Les journées d’étude organisées par la bibliothèque de l’université de Liège en 1949 avaient aussi permis d’énoncer quelques principes généraux d’organisation, favorables à la concentration des opérations techniques (acquisitions, enregistrement, catalogage, indexation...) dans les bibliothèques universitaires.
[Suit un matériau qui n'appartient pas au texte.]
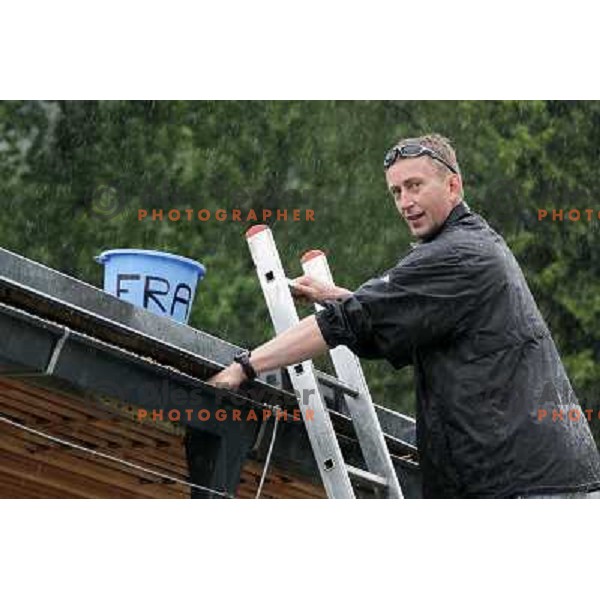 Karli Zust fixing the roof of Zaka Boat House during Rowing World Cup, Bled, Slovenia 29.5.2010 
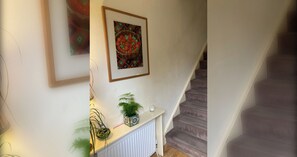 A staircase with a white railing and a wall with a framed picture and a potted plant.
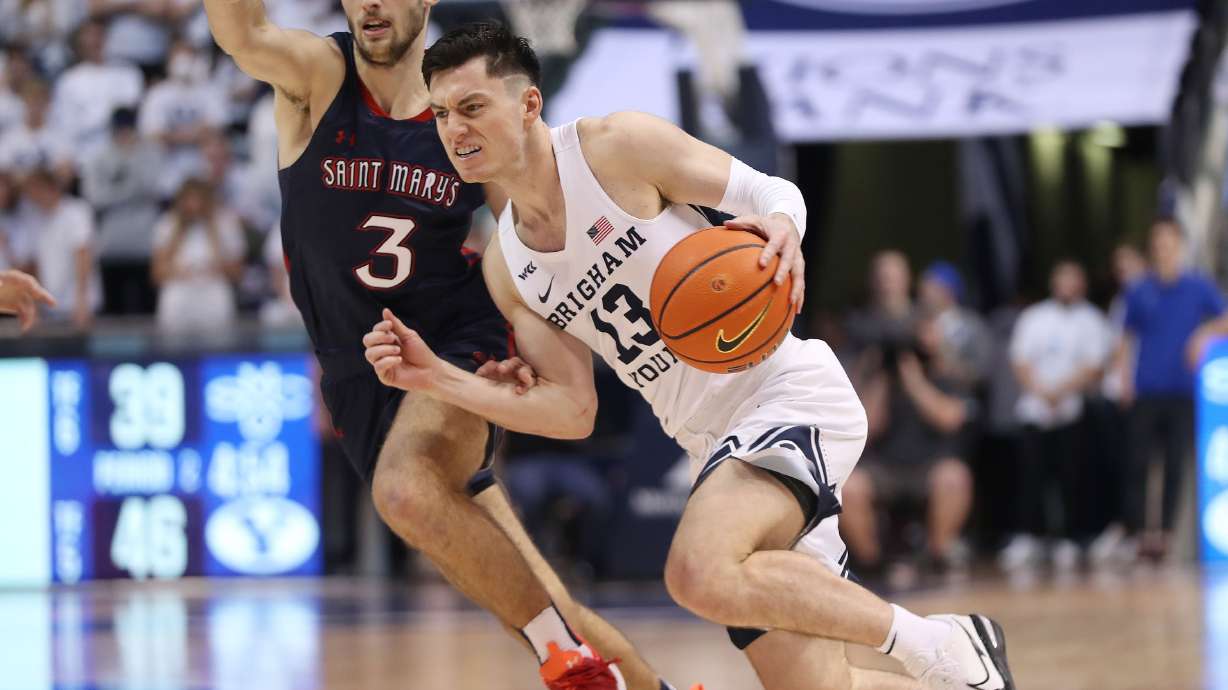 Brigham Young Cougars guard Alex Barcello (13) drives on Saint Mary's Gaels guard Augustas Marciulionis (3) in Provo on Saturday, Jan. 8, 2022. Saint Mary's won the rematch in Moraga, California.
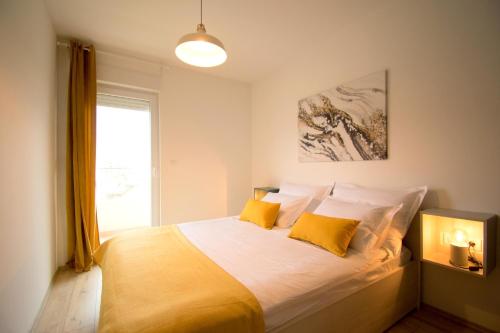 a bedroom with a large bed with yellow pillows at Apartment Nikola in Split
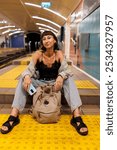 Young girl in stylish clothes in the subway. girl waiting for a train at the station. wait for a train. girl in the subway. fashion and style.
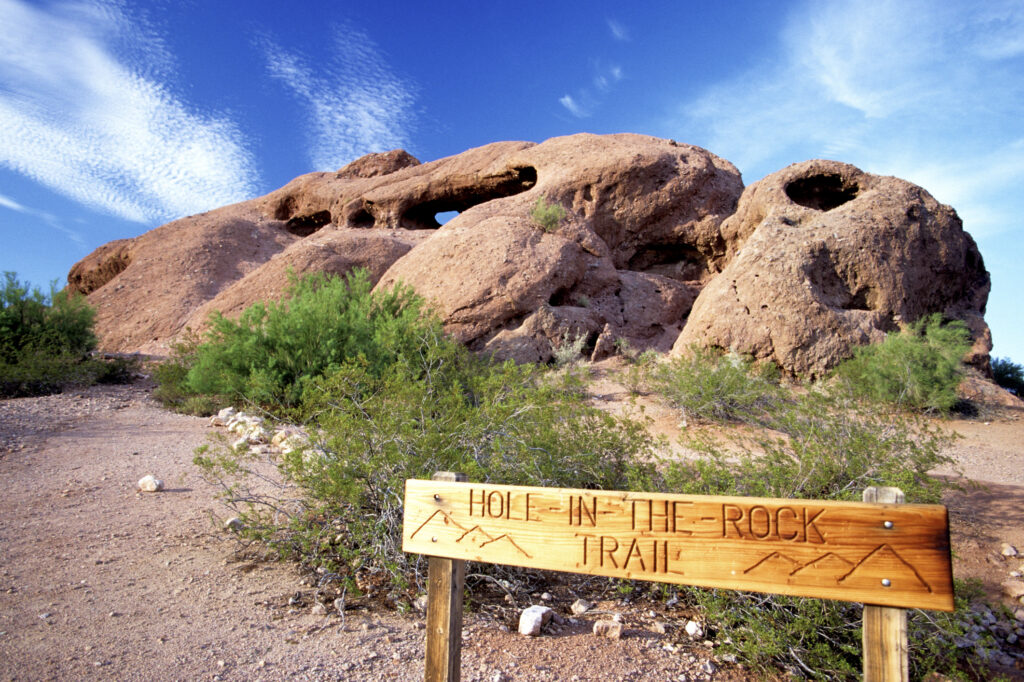 A sign displaying the text "tour the rock" in bold letters against a simple background.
Par exemple, ‘« Partout où l’économie et l’efficacité l’exigent, le bibliothécaire devrait instaurer des politiques de centralisation des opérations techniques et autres »’, ou encore ‘« La commande, l’acquisition, le catalogage et l’indexation des livres devraient être centralisés, d’abord pour assurer l’uniformité, et cette nécessité est reconnue dans la plupart des bibliothèques d’universités et de collèges universitaires. » 297

Notes
296.

G. Calmette, « Bibliothèques universitaires et bibliothèques d’instituts » dans Les problèmes de la documentation dans les bibliothèques universitaires, journées d’étude organisées par la bibliothèque de l’université de Liège, 24-27 octobre 1949, op. cit., p. 75-80.

297.

Citations extraites de L. R. Wilson, M. F. Tauber, The University library (Chicago, 1945), p. 137, et J. L. Thornton, Special library methods, an introduction to special librarianship (London, 1940), p. 28 ; auteurs cités par A. Kessen, « Les Rapports entre la bibliothèque centrale universitaire et les bibliothèques d’instituts » dans Les Problèmes de la documentation dans les bibliothèques universitaires, journées d’étude organisées par la bibliothèque de l’université de Liège, 24-27 octobre 1949, op. cit., p. 120-121 ; traduit par moi.